In pratica, gli abissi rappresentano un alleato invisibile del nostro benessere. Eppure, decisioni politiche cruciali su estrazione mineraria, conservazione marina e stoccaggio del carbonio vengono prese senza dati visivi sufficienti.
Il nodo della tecnologia e dei costi
Perché non esploriamo di più? La risposta è semplice: costa troppo ! Una sola giornata a bordo di una nave da ricerca può superare i 50.000 dollari, senza contare i costi di sommergibili e veicoli telecomandati (ROV). Le attrezzature devono resistere a pressioni che schiaccerebbero un’automobile: costruirle e testarle richiede risorse enormi.
Tuttavia una nuova generazione di veicoli autonomi subacquei (AUV), grandi quanto uno zaino, permette di mappare fondali e riprendere video in alta definizione a costi molto più bassi. Grazie a software open source e sensori modulari, anche laboratori più piccoli possono gestirli.

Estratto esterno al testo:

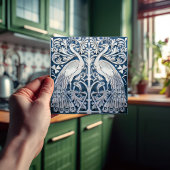 Blauwe Peacock Modernista Art Barcelona 1903 Tegeltje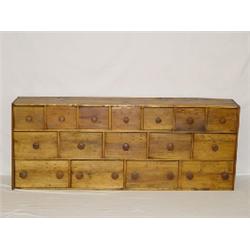 19TH CENT. 16 DRAWER PINE APOTHECARY CHEST W/ NATURAL FINISH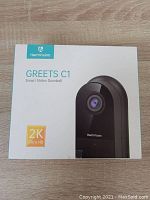 Box showing HeimVision GREETS C1 Smart Video Doorbell with 2K Ultra HD branding on front.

Un passato condizionato dalla geopolitica
La storia dell’esplorazione oceanica mostra come le priorità abbiano sempre seguito il denaro e gli interessi strategici. Durante la Guerra Fredda, Stati Uniti e Unione Sovietica esplorarono canyon sottomarini per fini militari. Il Giappone si concentrò sulle trincee e sugli archi vulcanici per studiare i terremoti. In Europa, l’attenzione si è concentrata lungo le rotte dei cavi di telecomunicazione e nei potenziali siti minerari.
Il risultato? Una visione distorta della realtà. Le pianure abissali – che costituiscono quasi metà dell’oceano profondo – restano tra i luoghi meno fotografati della Terra. È come giudicare un libro leggendo solo l’indice.

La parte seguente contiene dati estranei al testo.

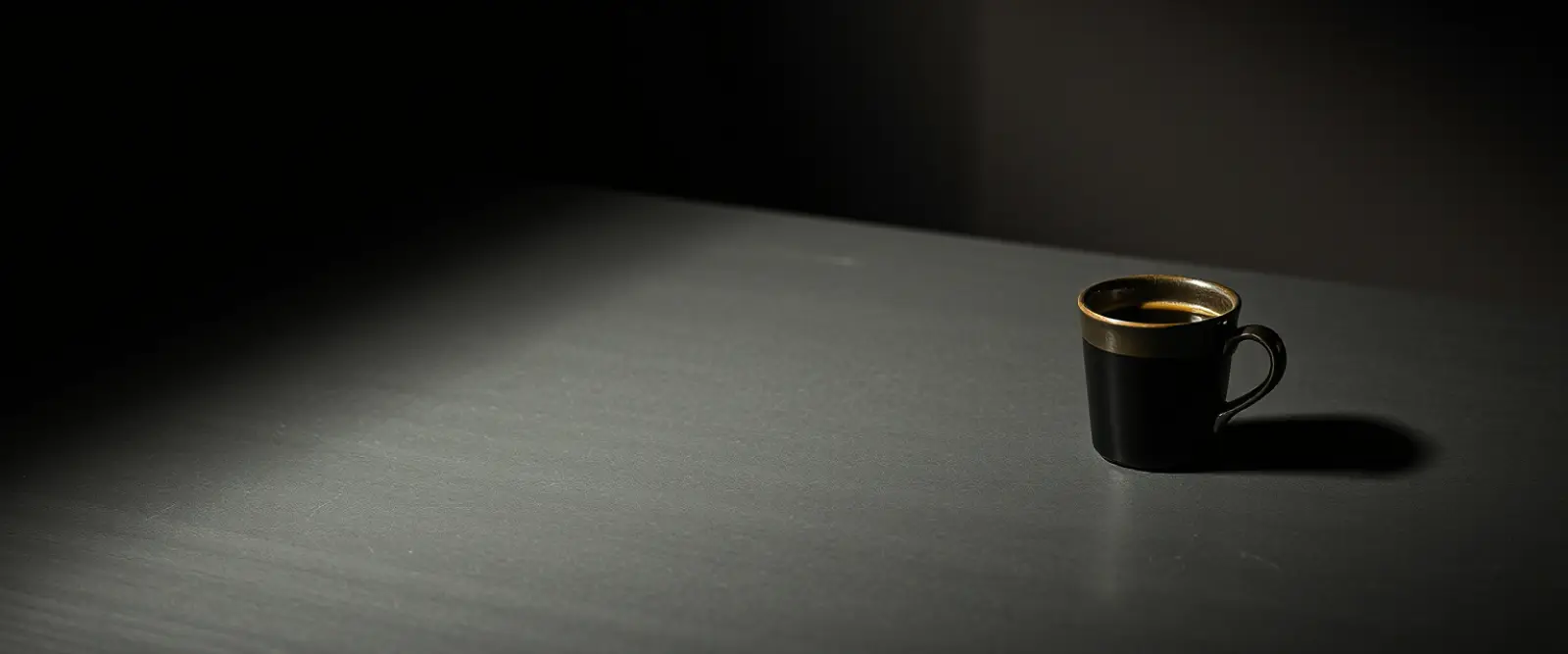 A single dark ceramic cup of black coffee on a wide table in a dim room.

Cosa ci aspetta in futuro?
Secondo il dottor Ian Miller della National Geographic Society, la chiave è coinvolgere comunità locali e piccoli Paesi costieri. Già oggi, programmi innovativi formano ricercatori presenti su isole minori a usare ROV compatti lanciati da pescherecci. Telecamere a basso costo, capaci di resistere a pressioni di 6.000 metri di profondità, possono documentare nuove specie.
E qui entra in gioco l’intelligenza artificiale: migliaia di immagini possono essere analizzate durante la notte, segnalando agli scienziati organismi mai visti prima.
Una scelta politica e culturale
Il futuro dei fondali oceanici è nelle mani della politica. I governi possono continuare a concedere licenze minerarie e ampliare la pesca d’altura senza basi solide, oppure investire in strumenti che finalmente svelino i segreti del più grande habitat del pianeta.
Ogni nuova immagine scattata negli abissi è un tassello in più per capire il nostro mondo e per imparare a proteggerlo. La storia delle profondità marine è ancora tutta da scrivere: abbiamo la possibilità di scegliere se lasciarla nell’ombra o illuminarla con la conoscenza.